First and foremost, TikToker @2Quacks5ClucksFarm explains how wildflower seed mixes from big box stores are a huge rip-off. They show us how these wildflower mixes come with 1.83% pure seed and 98.15% filler. While this may seem like a huge disparity in the ratios of wildflower seed to filler, this is not uncommon in mass-produced, big-box store wildflower seed packets. Additionally, the filler-to-seed ratio isn't the only problem with these seed packets. They are falsely advertised as native wildflowers when studies have shown that they are often not only not native but invasive weeds and flowers that can cause all sorts of problems for native wildlife. Don't despair, though. You can still grow wildflowers and attract all the beautiful butterflies and native pollinators to your yard — just don't get your seeds from big box stores!

Problems with wildflower seed packets from big box stores

As the above TikTok video illustrates, big box stores wildflower mixes are problematic, to say the least. When you pay $10 for a big bag of wildflower mix and only get 1% wildflower seed and 98% filler, it is not only disappointing but also ineffective. Additionally, if the seed mix is not used immediately or stored for too long, the filler can absorb moisture out of the seeds, which leads to a lower germination rate and seed viability. Essentially, when you buy wildflower seed mixes from big box stores, you're paying for filler and just a few seeds that may or may not germinate.

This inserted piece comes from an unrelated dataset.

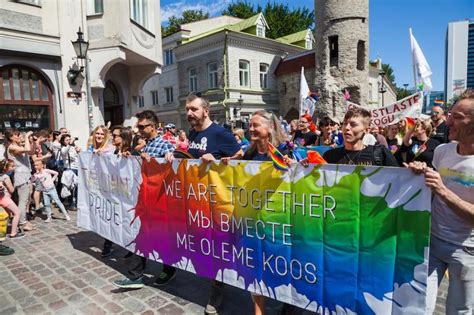 Estonia Legalizes Same Sex Marriage Human Rights Watch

Furthermore, aside from issues with fillers and seed viability, most wildflower seed mixes come with non-native wildflowers or, worse, invasive weeds. Additionally, even if some of the wildflower species are native to some parts of North America, if they're not native to your specific bioregion, they will serve little to no benefit in the native ecosystem. Our at-risk pollinators, like our native bee species (not the honeybee, which is native to Europe and Africa), have specific and highly intelligent, intricate relationships with the native plants in their bioregion that they have evolved alongside for millennia. If you use a wildflower mix that has California poppies and you live in Georgia, not only will the plant be unhappy, but it won't serve any ecological benefit to the native ecosystem. 

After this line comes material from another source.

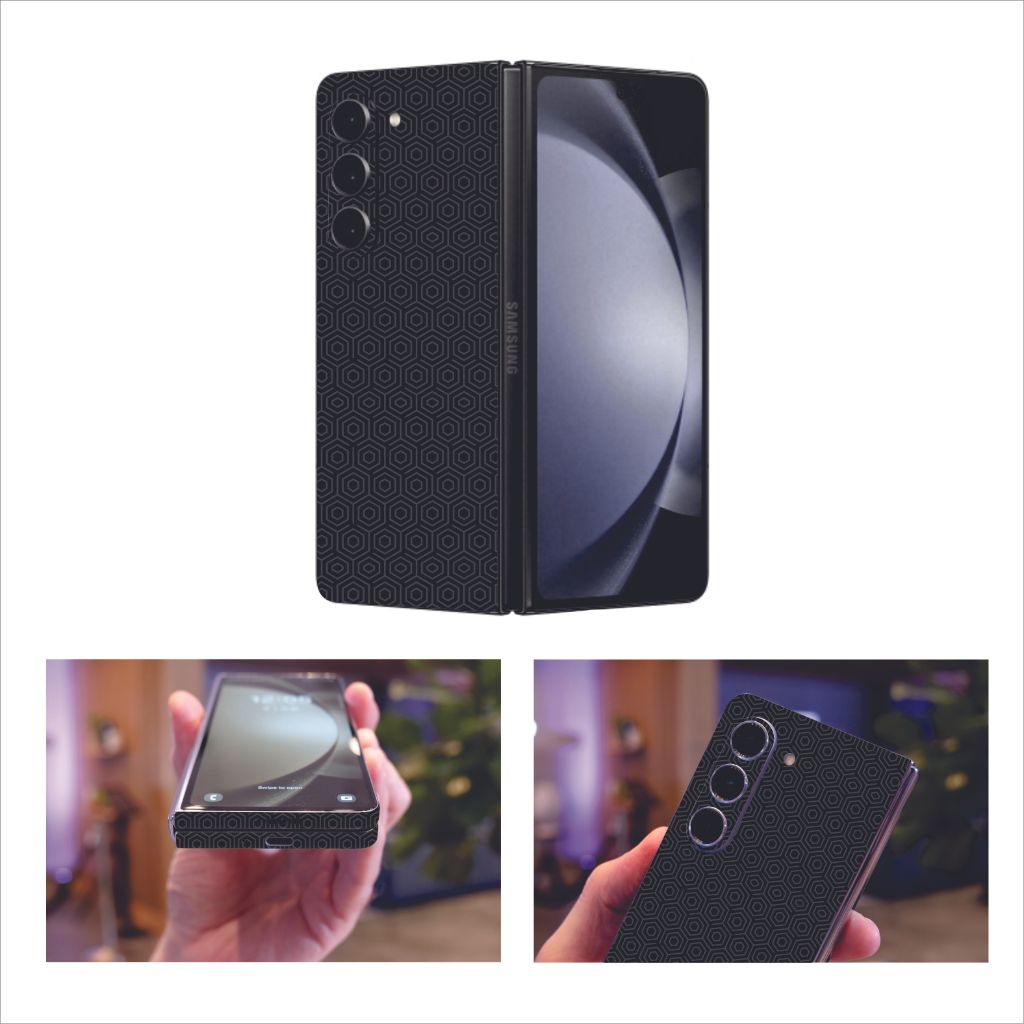 dán skin 3m samsung galaxy z fold 5 full body, camera phụ kiện điện thoại huỳnh tân store - Paten Series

Alternatives to big box store wildflower mixes

There are lots of alternatives to buying wildflower mixes from big box stores, and it starts with putting in a little extra effort and doing some research. A great place to start is by checking out the Pollinator Partnership Ecoregional Planting Guide, where you can simply put in your zip code and receive a plethora of resources on native plants and wildflowers. Another great resource is the Xerces Society Pollinator Conservation Resource Center, where you can click your bioregion and get resources like habitat assessments, native plant lists, and installation guidelines

One thing remains abundantly clear: steer clear of those misleading, ecosystem-harming, waste of money and resources big box store wildflower mixes. Instead, find a native plant nursery near you (the Xerces Society Native Plant Nursery and Seed Directory makes this very easy), and order some seeds or plant starts! Support a local small business like a native plant nursery and cultivate native plants to contribute to their conservation and protection. There are lots of colorful wildflowers you can grow in your garden. Just be sure to look up their scientific name and identify if they are native to your bioregion. Nothing is worse than a well-intentioned gardener inadvertently creating problems for biodiversity and the ecosystem they are seeking to uplift. With some education and planning, gardeners can successfully support biodiversity and conservation efforts in their home gardens.